We have eaten out together before he remarried, but DH and I find the 'new' Mrs ex a bit full on so we have rowed back on that but I am still polite and buy her a gift at Christmas.

I am quite happy to carry on as I don't spend a lot and it would seem odd to stop now after so many years.

OP posts:
Sadik · 08/12/2022 11:34

I do, & vv - a small 'family' gift like a box of biscuits, home-made jam etc. We're on good terms, & see each other over the holiday period as dc come home to see us both (and don't drive hence require lifts!), so it feels like a natural thing to do.

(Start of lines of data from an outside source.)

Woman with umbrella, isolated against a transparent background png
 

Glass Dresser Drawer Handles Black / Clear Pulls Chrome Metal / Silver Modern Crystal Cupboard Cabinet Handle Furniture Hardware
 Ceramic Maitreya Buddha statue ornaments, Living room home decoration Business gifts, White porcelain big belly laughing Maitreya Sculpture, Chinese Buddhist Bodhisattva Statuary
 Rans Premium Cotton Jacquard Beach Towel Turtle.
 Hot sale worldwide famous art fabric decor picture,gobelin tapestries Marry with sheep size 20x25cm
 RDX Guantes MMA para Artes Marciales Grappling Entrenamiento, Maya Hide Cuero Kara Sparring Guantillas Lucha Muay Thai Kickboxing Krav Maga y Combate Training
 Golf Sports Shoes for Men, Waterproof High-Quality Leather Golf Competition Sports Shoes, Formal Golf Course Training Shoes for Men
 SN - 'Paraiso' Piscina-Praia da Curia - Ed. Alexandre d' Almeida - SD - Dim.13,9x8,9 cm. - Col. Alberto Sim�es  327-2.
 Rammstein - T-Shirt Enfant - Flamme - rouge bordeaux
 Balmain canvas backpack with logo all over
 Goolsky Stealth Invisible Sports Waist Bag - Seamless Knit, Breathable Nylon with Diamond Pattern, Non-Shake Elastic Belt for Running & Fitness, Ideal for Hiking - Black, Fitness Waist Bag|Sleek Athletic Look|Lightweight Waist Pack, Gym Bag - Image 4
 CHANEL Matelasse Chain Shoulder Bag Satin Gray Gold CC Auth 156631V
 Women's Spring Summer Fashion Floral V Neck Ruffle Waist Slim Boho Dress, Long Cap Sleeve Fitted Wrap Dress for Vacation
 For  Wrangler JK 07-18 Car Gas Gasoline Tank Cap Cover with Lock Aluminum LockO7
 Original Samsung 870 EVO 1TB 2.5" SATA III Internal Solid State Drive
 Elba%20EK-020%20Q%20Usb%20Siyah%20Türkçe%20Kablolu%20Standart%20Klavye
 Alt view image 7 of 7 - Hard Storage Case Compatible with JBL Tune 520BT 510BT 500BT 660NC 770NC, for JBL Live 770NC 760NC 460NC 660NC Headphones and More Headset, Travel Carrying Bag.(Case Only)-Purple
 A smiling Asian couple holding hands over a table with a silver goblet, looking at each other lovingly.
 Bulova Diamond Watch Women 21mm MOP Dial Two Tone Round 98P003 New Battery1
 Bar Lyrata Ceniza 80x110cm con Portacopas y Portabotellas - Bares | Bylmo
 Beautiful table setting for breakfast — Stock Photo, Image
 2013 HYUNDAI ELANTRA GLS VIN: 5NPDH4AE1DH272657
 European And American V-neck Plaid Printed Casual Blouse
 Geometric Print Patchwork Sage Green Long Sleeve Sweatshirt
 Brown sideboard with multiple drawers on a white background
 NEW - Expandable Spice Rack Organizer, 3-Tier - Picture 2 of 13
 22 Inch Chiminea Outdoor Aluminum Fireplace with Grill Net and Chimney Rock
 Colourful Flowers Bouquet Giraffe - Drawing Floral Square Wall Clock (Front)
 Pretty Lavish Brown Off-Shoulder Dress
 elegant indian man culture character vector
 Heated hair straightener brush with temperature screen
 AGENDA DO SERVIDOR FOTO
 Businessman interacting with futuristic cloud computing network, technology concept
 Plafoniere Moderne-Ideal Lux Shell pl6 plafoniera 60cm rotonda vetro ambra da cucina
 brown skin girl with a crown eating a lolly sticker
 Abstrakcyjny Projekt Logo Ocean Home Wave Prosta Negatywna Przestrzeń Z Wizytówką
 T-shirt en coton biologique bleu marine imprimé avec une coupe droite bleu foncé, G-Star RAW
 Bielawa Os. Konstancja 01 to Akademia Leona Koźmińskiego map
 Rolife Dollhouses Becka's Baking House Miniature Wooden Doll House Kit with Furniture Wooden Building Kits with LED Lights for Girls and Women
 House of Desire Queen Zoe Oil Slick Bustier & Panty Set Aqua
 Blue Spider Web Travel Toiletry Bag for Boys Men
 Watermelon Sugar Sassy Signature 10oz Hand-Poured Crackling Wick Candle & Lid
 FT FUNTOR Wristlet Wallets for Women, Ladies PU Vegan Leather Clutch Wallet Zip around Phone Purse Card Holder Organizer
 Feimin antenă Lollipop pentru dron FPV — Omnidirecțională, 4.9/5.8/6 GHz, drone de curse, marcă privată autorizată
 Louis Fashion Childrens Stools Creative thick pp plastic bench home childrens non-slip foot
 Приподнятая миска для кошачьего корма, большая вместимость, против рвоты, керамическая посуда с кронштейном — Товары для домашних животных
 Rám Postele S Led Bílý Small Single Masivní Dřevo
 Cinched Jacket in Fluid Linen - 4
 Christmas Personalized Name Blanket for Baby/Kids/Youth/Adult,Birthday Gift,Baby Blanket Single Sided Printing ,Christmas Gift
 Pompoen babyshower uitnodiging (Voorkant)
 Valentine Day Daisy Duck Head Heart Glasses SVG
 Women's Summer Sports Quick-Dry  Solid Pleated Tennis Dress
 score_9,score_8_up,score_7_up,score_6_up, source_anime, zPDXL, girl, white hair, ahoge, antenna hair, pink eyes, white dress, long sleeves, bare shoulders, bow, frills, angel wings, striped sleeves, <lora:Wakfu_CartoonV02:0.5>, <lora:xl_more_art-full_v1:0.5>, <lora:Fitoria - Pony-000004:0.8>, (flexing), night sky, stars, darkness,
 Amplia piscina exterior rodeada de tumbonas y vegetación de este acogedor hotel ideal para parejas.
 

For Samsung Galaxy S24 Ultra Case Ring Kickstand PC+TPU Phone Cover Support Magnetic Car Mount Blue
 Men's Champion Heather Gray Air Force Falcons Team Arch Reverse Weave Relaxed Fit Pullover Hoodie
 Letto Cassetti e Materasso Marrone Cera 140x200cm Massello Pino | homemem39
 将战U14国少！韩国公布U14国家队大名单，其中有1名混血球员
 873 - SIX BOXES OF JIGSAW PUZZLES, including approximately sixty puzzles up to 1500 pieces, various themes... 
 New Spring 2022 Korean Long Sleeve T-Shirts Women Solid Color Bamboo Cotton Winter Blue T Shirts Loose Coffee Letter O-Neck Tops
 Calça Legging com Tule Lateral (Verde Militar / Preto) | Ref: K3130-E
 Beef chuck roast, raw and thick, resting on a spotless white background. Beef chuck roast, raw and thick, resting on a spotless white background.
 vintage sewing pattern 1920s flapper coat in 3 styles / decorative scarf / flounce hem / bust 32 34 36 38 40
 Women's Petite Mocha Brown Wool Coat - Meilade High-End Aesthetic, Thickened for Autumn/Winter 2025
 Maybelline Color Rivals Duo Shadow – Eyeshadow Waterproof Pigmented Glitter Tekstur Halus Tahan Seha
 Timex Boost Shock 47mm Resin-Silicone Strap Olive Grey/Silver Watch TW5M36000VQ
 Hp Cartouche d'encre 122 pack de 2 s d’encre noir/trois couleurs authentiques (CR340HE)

But we're on good terms generally, so for example he will feed my cats if DP & I are away.

Sadik · 08/12/2022 11:35

Now I'm not married to him & someone else has to put up with him on a day to day basis I can appreciate his good points Grin

mondaytosunday · 08/12/2022 11:44

I think getting presents for anyone outside your family is a bit much, especially given the time that's passed and that you have both remarried! Unless you get several of your friends gifts (why).

CousinKrispy · 08/12/2022 11:52

I do with my ex because DC still young enough that we do Christmas Day together and it would seem churlish not to have a little token (to me, obviously different for other families!).

Fink · 08/12/2022 12:07

I still do it nominally on behalf of dc, although it's pretty obvious who has bought and paid for the present. Ditto for ex-PIL. DC are now old enough to choose something themselves, but don't have money of their own. I'm not sure what I will do once they're properly grown up, but probably stop. I wouldn't see any harm in it if you get on though.

Miajk · 08/12/2022 12:12

Flakjacketon · 08/12/2022 11:23

Thank you to everyone who has responded. To address some points that have been raised:

I agree that when DC were younger it did signify that we didn't hate each other but it wasn't difficult to do because there wasn't any abuse or affair.

I don't exchange anything expensive or sentimental but I do try to be thoughtful to him and his wife.

We have eaten out together before he remarried, but DH and I find the 'new' Mrs ex a bit full on so we have rowed back on that but I am still polite and buy her a gift at Christmas.

I am quite happy to carry on as I don't spend a lot and it would seem odd to stop now after so many years.

I think it's lovely.

I'm grown, my parents divorced when I was a teen.

They are capable of having meals together, do small things for each other, etc. I think it's really nice.

At one point in time we were a family, and their relationship now makes me feel like while they're not married, we are still a family unit.

Trying to turn your ex into a stranger is werid IMO. being married, living together, having children and then deciding to treat the person like a stranger is very bizarre and when people act like it's normal I can't understand it.